I had a hard time getting out of bed this morning. I hit the snooze button several times, and definitely more than I usually do. I know it's because 1) I had a rough time getting to sleep last night and 2) I don't think my body is used to only getting a couple of days off work for a weekend. You know, being that we've had so many snow days this year. But, this weekend, the weather was beautiful and the forecast looks to be the same for at least the next ten days.
I'm actually very excited about the weather that's forecasted for the next couple of weeks. And that's simply because I want to be able to actually complete a unit ON TIME without delays and reteaching due to several days off.
Since the beginning of January, I've had an idea for a reading unit for Black History Month. That unit was supposed to start two weeks ago, but... well... you know. So, this weekend, I sat down and hashed out and redid the unit to customize it to a two week unit instead of the original four week time line.
Last week, I found some great leveled reading books about Martin Luther King, Jr., George Washington Carver, Rosa Parks, Harriet Tubman, and The Freedom Riders. I made a few changes to the unit so that instead of the students self-selecting their own subject for the unit, they would be put in to leveled reading groups. That will make life a little easier. Sometimes, it can be a bit overwhelming for 4th graders to pick a subject or person to study.

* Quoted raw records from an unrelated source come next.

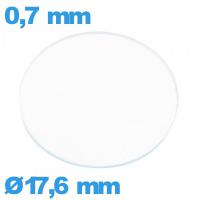 Verre plat pour montre verre minéral 17,6 mm circulaire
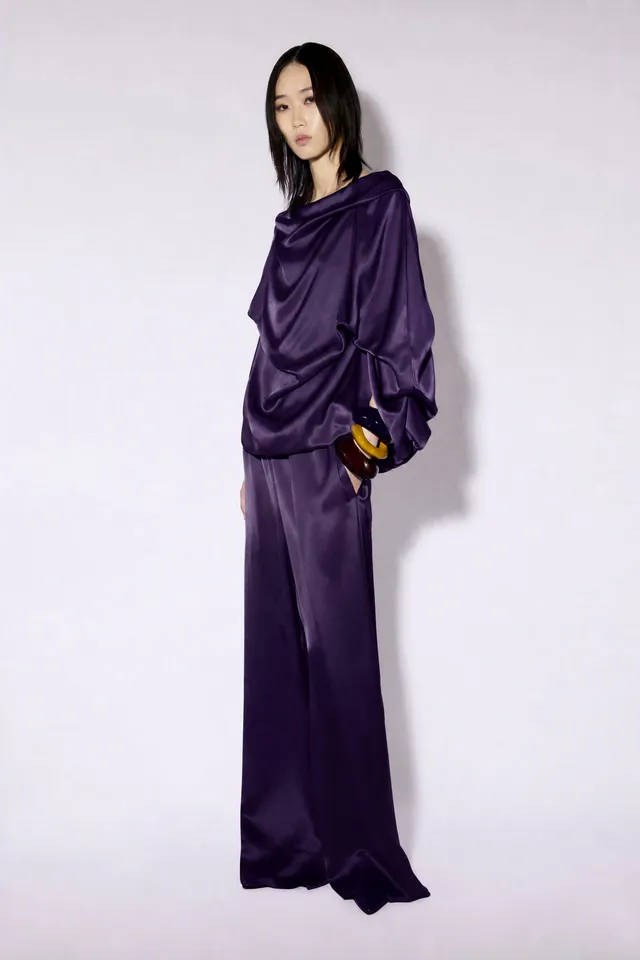 Liviana Conti Grayson pantalon palazzo bluette satin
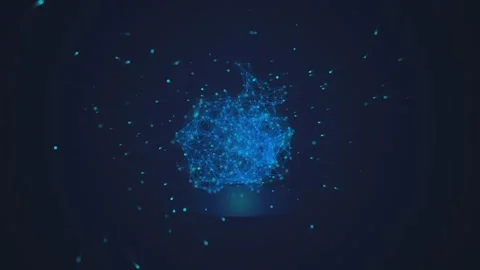 Blue digital apple shape formed by glowing network particles in dark motion.. Stock Footage 340971266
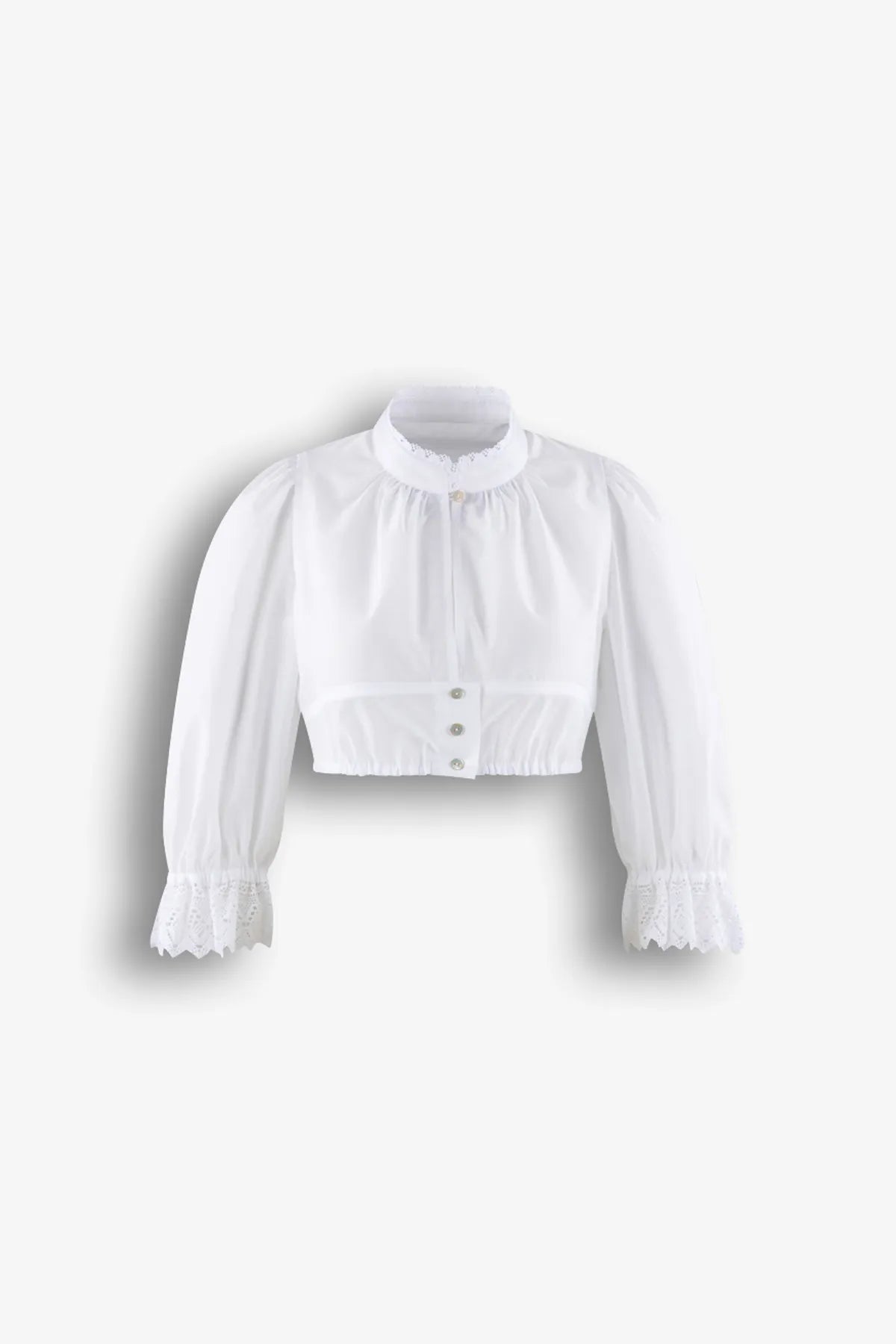 Dirndlbluse mit Volant und Spitze 01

Plus, a subject as big as Black History Month can be a little overwhelming. There's so much to choose from, and my kiddos really haven't had that much exposure to the topic. I mean, sure, they've learned a little about slavery, and civil rights, etc., but not really enough for me to let them run free in a library to select a subject.
I also dug out several books from my own library about famous black people. I created a text set back in college when I had to create a social studies unit, and my topic of choice happened to be Black History Month, so it's nice to actually be able to try that out in my own classroom now. So the kids will be able to read and learn about different aspects of black history along with their assigned reading.
The main goals, or skills, that are the focus of this unit are comparing and contrasting and problem and solution. Along with text features. Those are the skills my students are struggling the most with, right now, and the focus for the entire fourth grade team for the next couple of weeks.
Teaching in such a diverse school is a very exciting endeavor, for me. You see, I've always had an interest in learning about different cultures. I love learning about different cultural beliefs, religions, and history. And, I've found, that kids are often just as interested in learning about different people... where they came from, what struggles they've overcome, and how their differences have impacted and shaped our country.
Plus, they are able to relate to some of the subjects we learn about, and become motivated and inspired when they hear about the struggles and hardships that were overcome.
For this unit, I went with a layered curriculum model. And, the more that I work with layered curriculum, the more I like it. Layered curriculum is basically a list of activities broken in to three "layers". The first layer introduces the student to their reading. Having them read with a friend, or create a KWL chart, or come up with a few questions they want to answer during their learning experience. Level two has the students selecting activities that guides them through the reading process, like using context clues, answering questions about the text, using the senses to comprehend and understand what they are reading, watching videos about their subject and comparing and contrasting the information from the video to their book. And level three has the students presenting their learning and understanding of the material by creating a presentation to share with the class, such as a poster or newspaper article or a Facebook page. Each level offers several choices, and it's up to the student to select the activities they want to do, and racking up the designated amount of points (each activities is worth a certain amount of points).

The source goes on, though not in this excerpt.